# Work item:
The required output is the stretch from the line containing "BMW E81 E82" through the line containing "Used 2020 Porsche Macan S video 1" in the records below, unaltered and with no pictures.

# Source data:

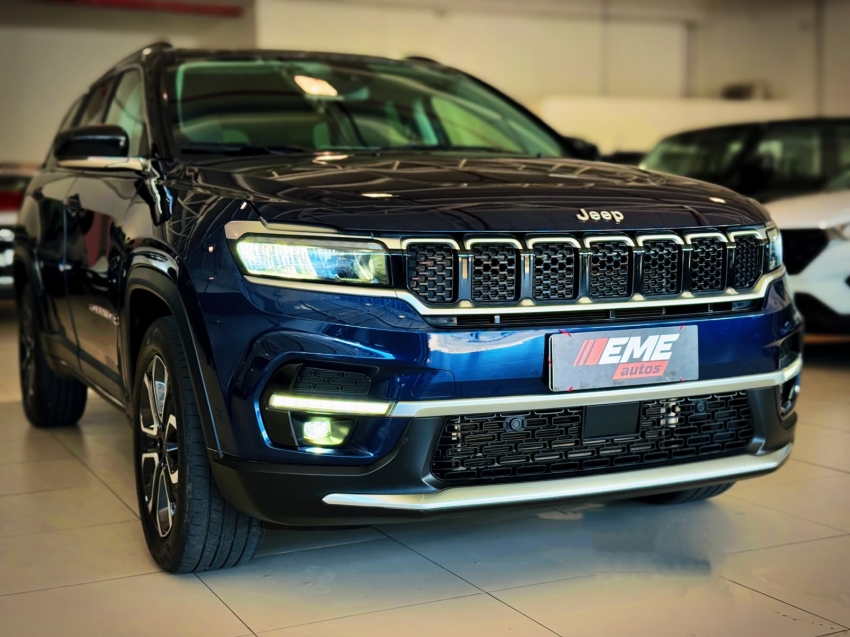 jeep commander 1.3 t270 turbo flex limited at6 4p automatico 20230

--

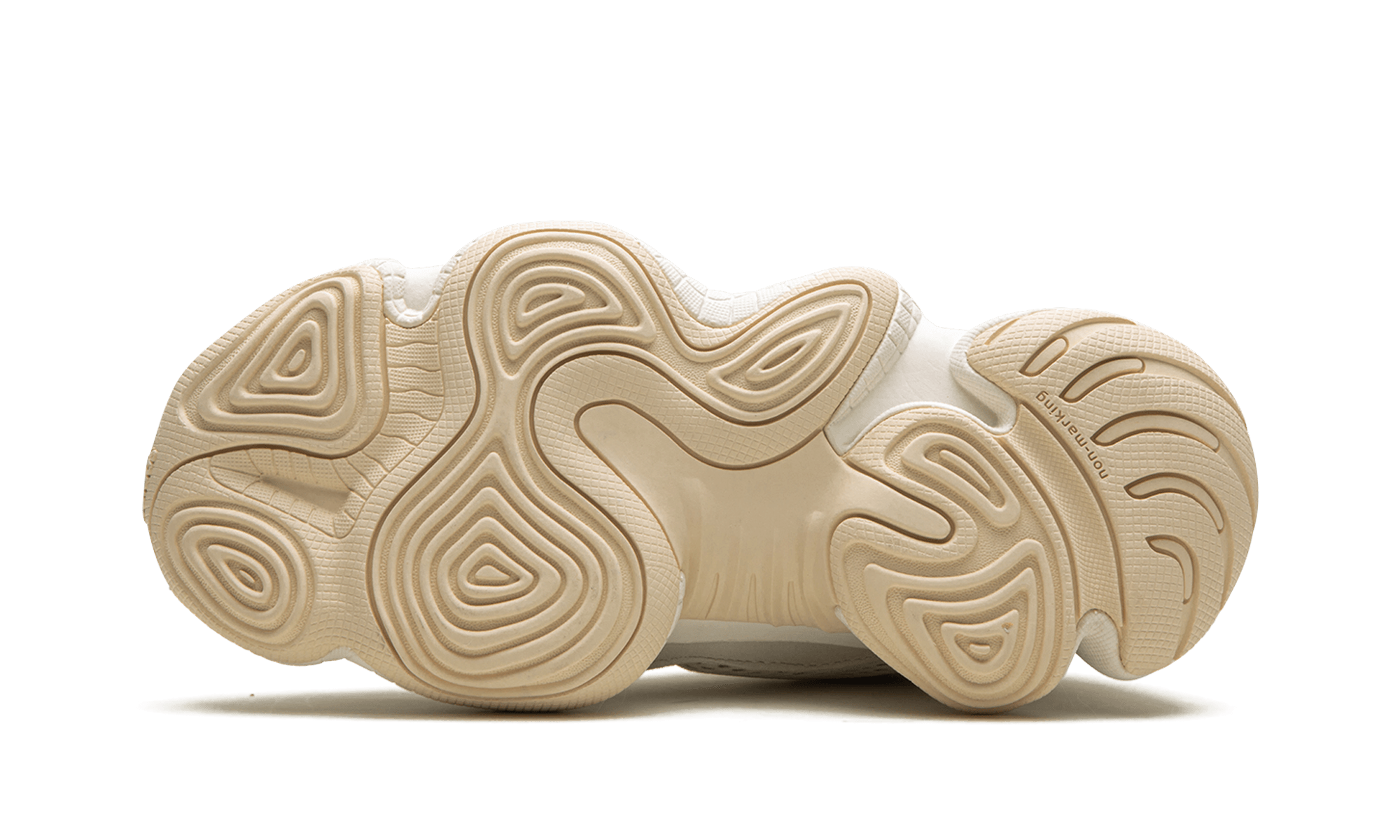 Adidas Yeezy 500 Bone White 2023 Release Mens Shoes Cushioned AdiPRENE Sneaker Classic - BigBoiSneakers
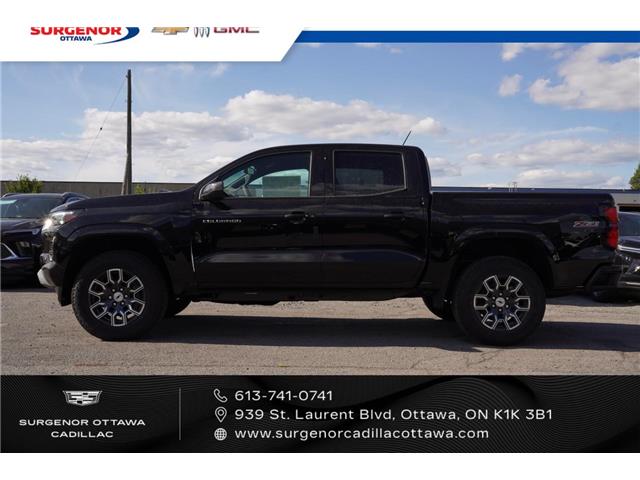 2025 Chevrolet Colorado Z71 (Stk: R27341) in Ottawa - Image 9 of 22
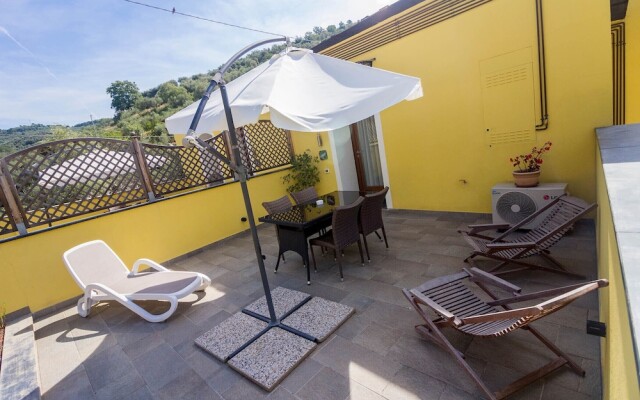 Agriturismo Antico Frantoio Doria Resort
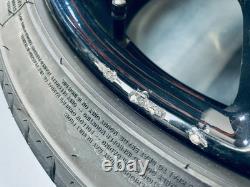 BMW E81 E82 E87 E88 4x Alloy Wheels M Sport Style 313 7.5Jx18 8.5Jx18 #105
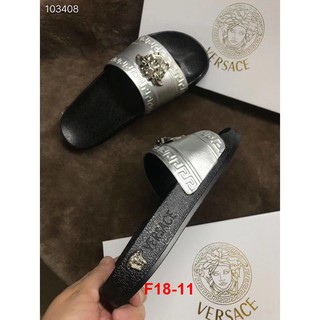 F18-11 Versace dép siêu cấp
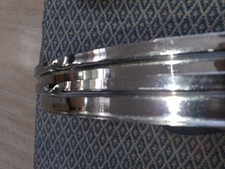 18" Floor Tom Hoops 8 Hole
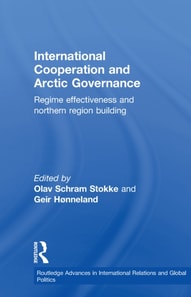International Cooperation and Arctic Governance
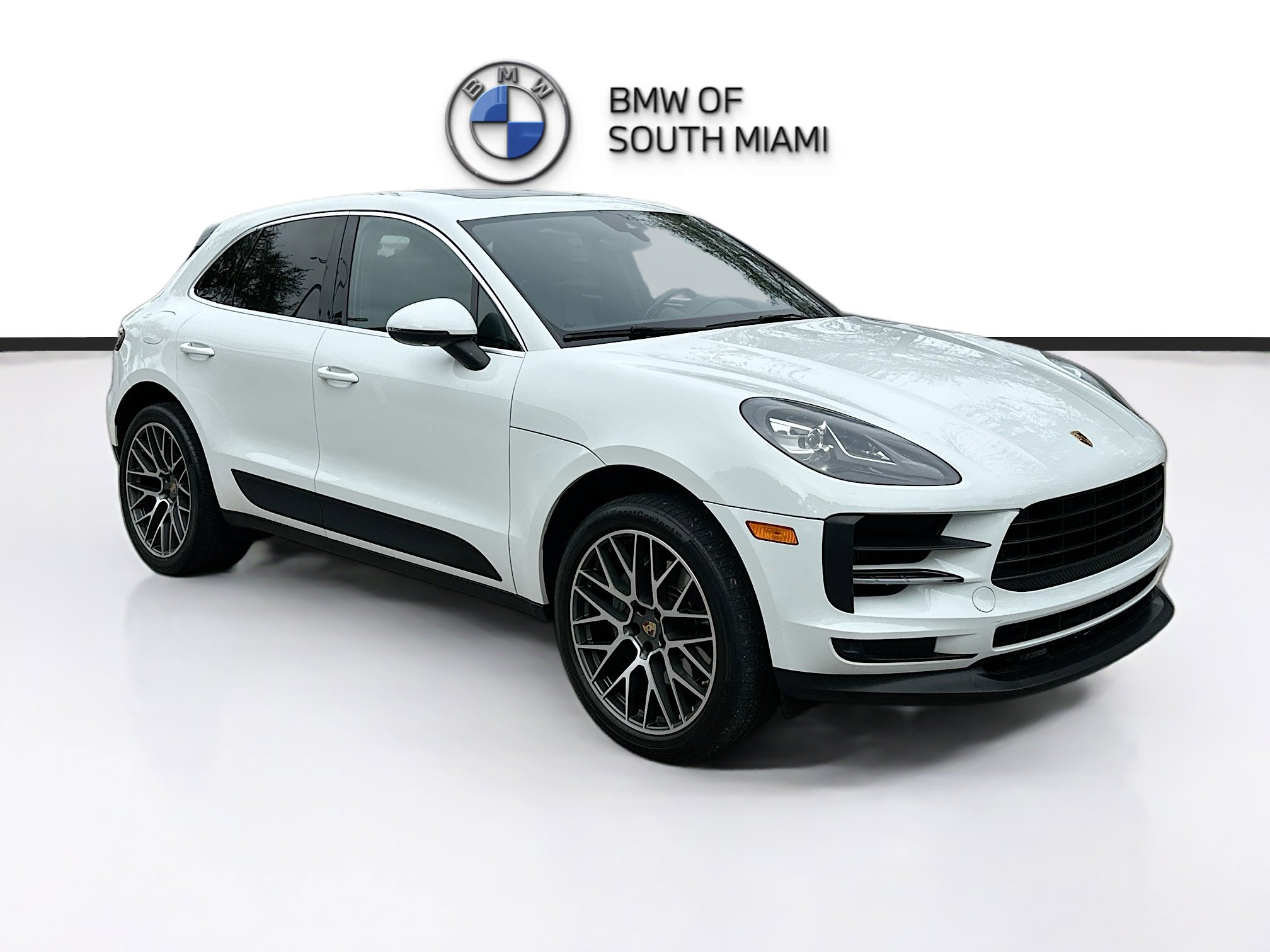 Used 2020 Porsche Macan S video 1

--

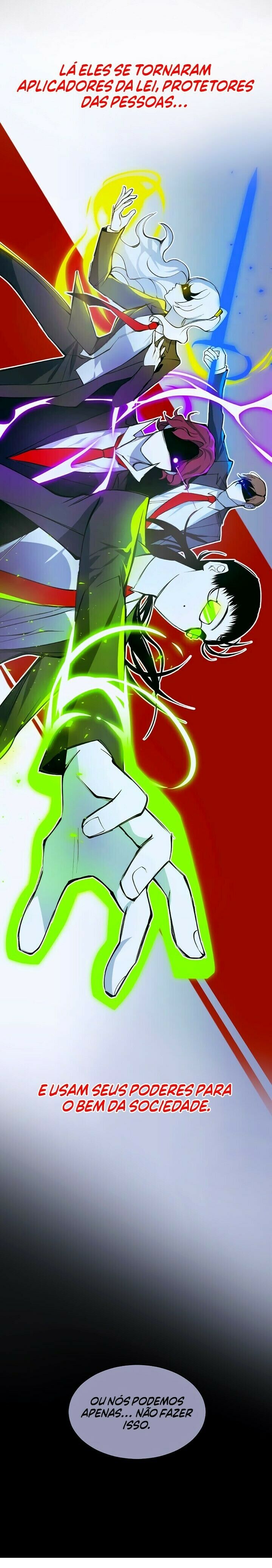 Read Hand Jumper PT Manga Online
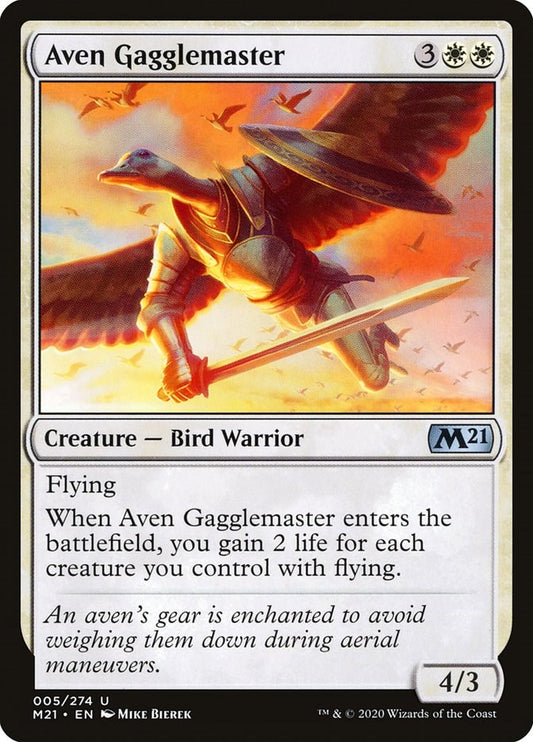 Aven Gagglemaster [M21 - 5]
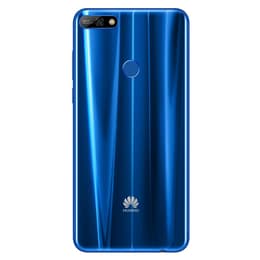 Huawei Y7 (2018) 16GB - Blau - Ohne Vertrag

# Answer section:
 BMW E81 E82 E87 E88 4x Alloy Wheels M Sport Style 313 7.5Jx18 8.5Jx18 #105
 F18-11 Versace dép siêu cấp
 18" Floor Tom Hoops 8 Hole
International Cooperation and Arctic Governance
 Used 2020 Porsche Macan S video 1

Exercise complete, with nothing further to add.